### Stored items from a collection
====

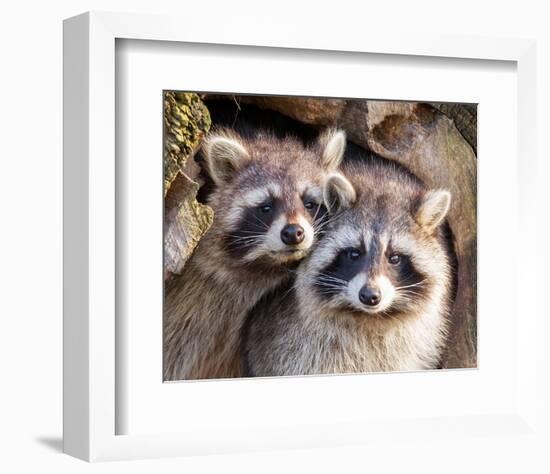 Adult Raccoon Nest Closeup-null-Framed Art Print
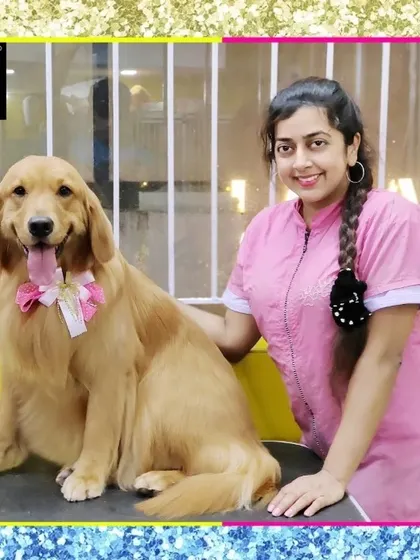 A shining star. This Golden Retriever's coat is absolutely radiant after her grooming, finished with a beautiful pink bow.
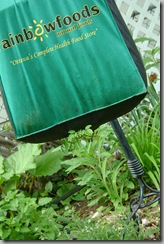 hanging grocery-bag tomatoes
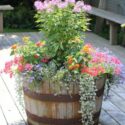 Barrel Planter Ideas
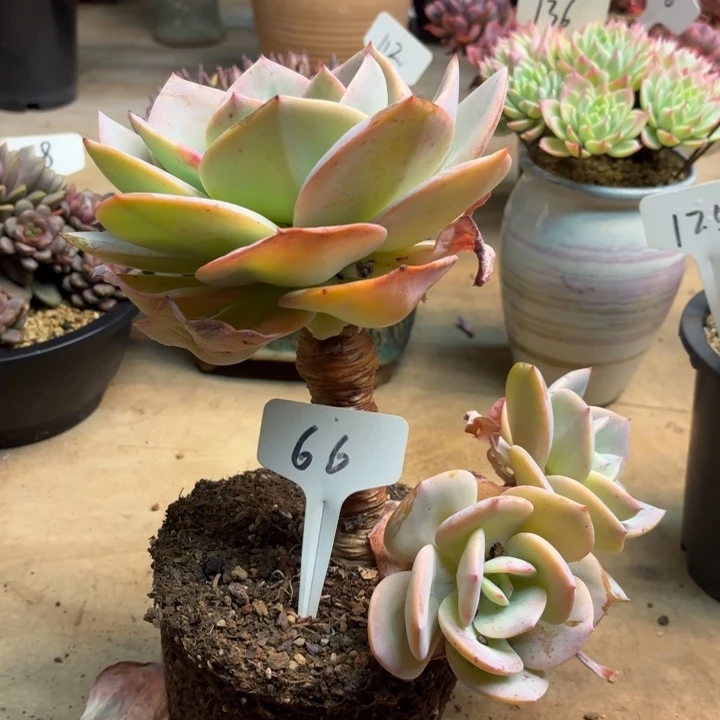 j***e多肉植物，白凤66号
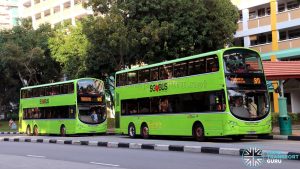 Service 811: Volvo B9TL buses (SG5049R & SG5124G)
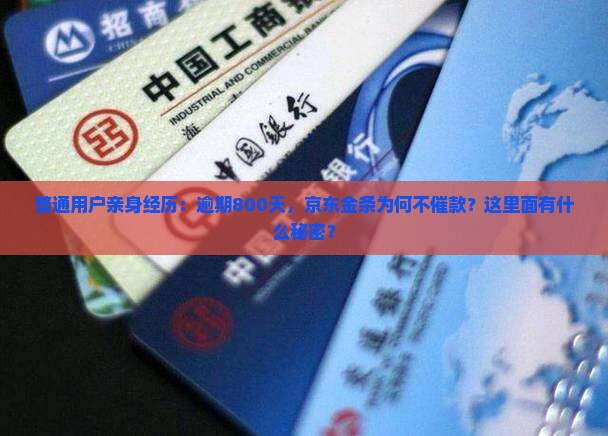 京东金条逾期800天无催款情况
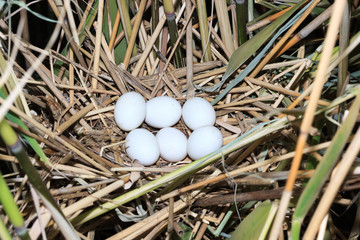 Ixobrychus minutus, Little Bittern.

====

### Task statement
Copy out, with no pictures, the lines from the one containing "A shining star." through the last line of the data above, both ends included and each word unchanged.

### Exercise output
 A shining star. This Golden Retriever's coat is absolutely radiant after her grooming, finished with a beautiful pink bow.
 hanging grocery-bag tomatoes
 Barrel Planter Ideas
 j***e多肉植物，白凤66号
 Service 811: Volvo B9TL buses (SG5049R & SG5124G)
 京东金条逾期800天无催款情况
 Ixobrychus minutus, Little Bittern.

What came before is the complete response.